L’Époque ★★☆☆

Pendant deux ans, de novembre 2015 à mai 2017, Mathieu Bareyre et Thibaut Dufait, son ingénieur du son, ont arpenté les rues de Paris pour y capter l’esprit de « l’époque ». Chaque nuit, inlassablement, ils ont interrogé des jeunes de dix-huit à vingt-cinq ans.

Mathieu Bareyre n’invente rien. Avant lui, Edgard Morin et Jean Rouch s’étaient livrés à un exercice de sociologie urbaine (Chronique d’un été, 1961). Chris Marker et Pierre Lhomme avaient tendu leur micro aux Parisiens au lendemain de la guerre d’Algérie (Le Joli Mai, 1963). Plus récemment, David André avait filmé en 2013 un bijou Chante ton bac d’abord qui suivait des lycéens durant l’année précédant leur bac. En 2018, Claire Simon s’est quant à elle essayée à brosser le portrait d’une génération au sortir de l’adolescence (Premières solitudes).

L’Époque ne raconte pas une histoire. Il ne raconte pas non plus l’Histoire. On n’y parle ni du Bataclan, ni de la campagne présidentielle, ni même de la loi El Khomry quand bien même de nombreuses séquences sont filmées sur cette place de la République où ses opposants se sont rassemblés.
L’Époque ne fait pas non plus œuvre de sociologie même si on y filme un enfant de la bourgeoisie – qui se désespère d’avoir cédé à la pression parentale et de faire du commerce plutôt que de la philo – une étudiante de Sciences Po – franchement crétine sous l’effet de l’alcool – une khâgneuse en rupture de ban qui a rejoint les Black Blocks et confesse hors écran son addiction à la castagne, des petits dealers de banlieue, des Renois en demande d’intégration qui prônent l’éducation plutôt que la violence…

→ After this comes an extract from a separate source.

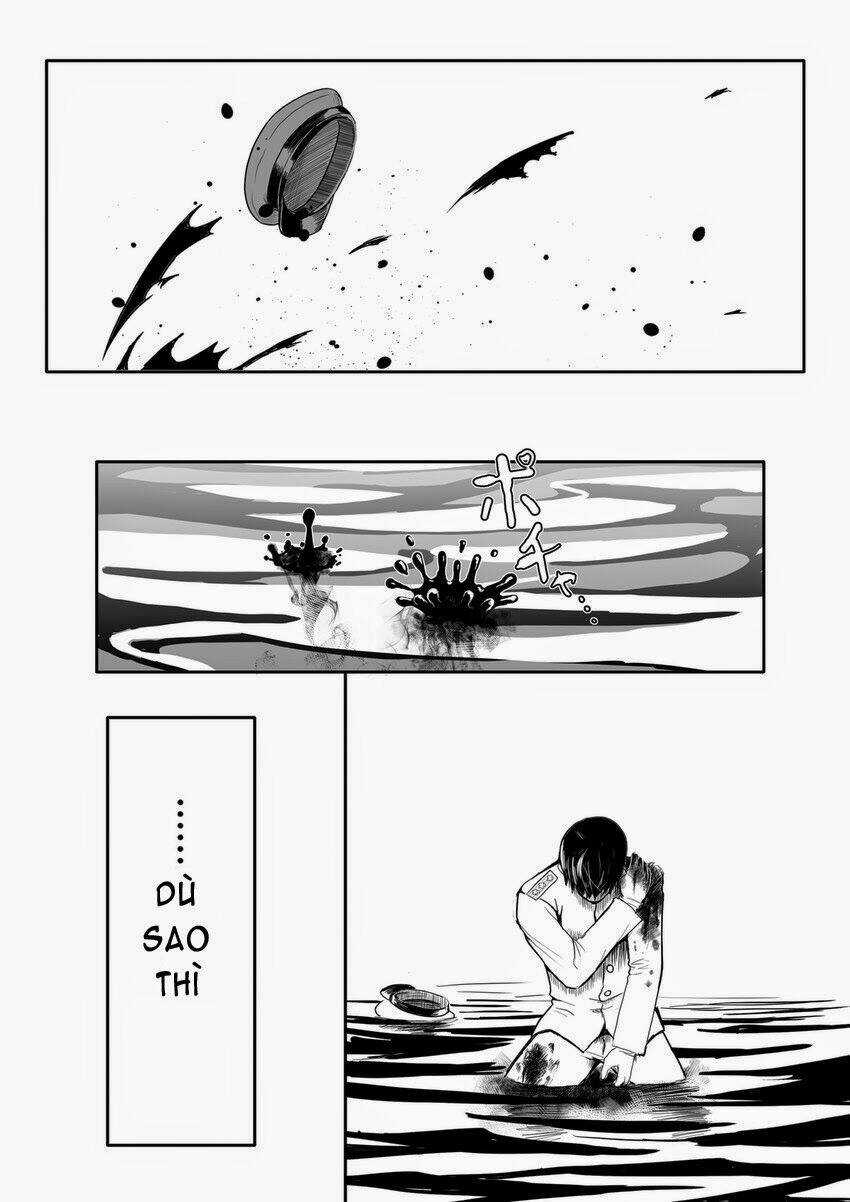 Kantai Collection - Tổng hợp doujinshi ngắn Chapter 1 trang 8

L’Époque filme des fragments poétiques de nuit. C’est ce qui fait sa beauté. C’est ce qui fait aussi sa limite. Au son de Nekfeu et de Vivaldi, L’Époque est une accumulation kaléidoscopique de courtes saynètes, de rencontres improbables, sans autre fil conducteur que celui de cette nuit et des substances euphorisantes qu’on y consomme. Parmi toutes ces silhouettes s’en distingue une, inoubliable. Sous ses couches de vêtements, on hésite sur son sexe. Rose a la langue bien pendue, un humour à toute épreuve. Française d’origine africaine, elle vomit les contrôles d’identité à répétition qui foulent au pied sa citoyenneté. Place de la République, face aux CRS impassibles, ce Gavroche du vingt-et-unième siècle a les traits d’une Marianne en colère.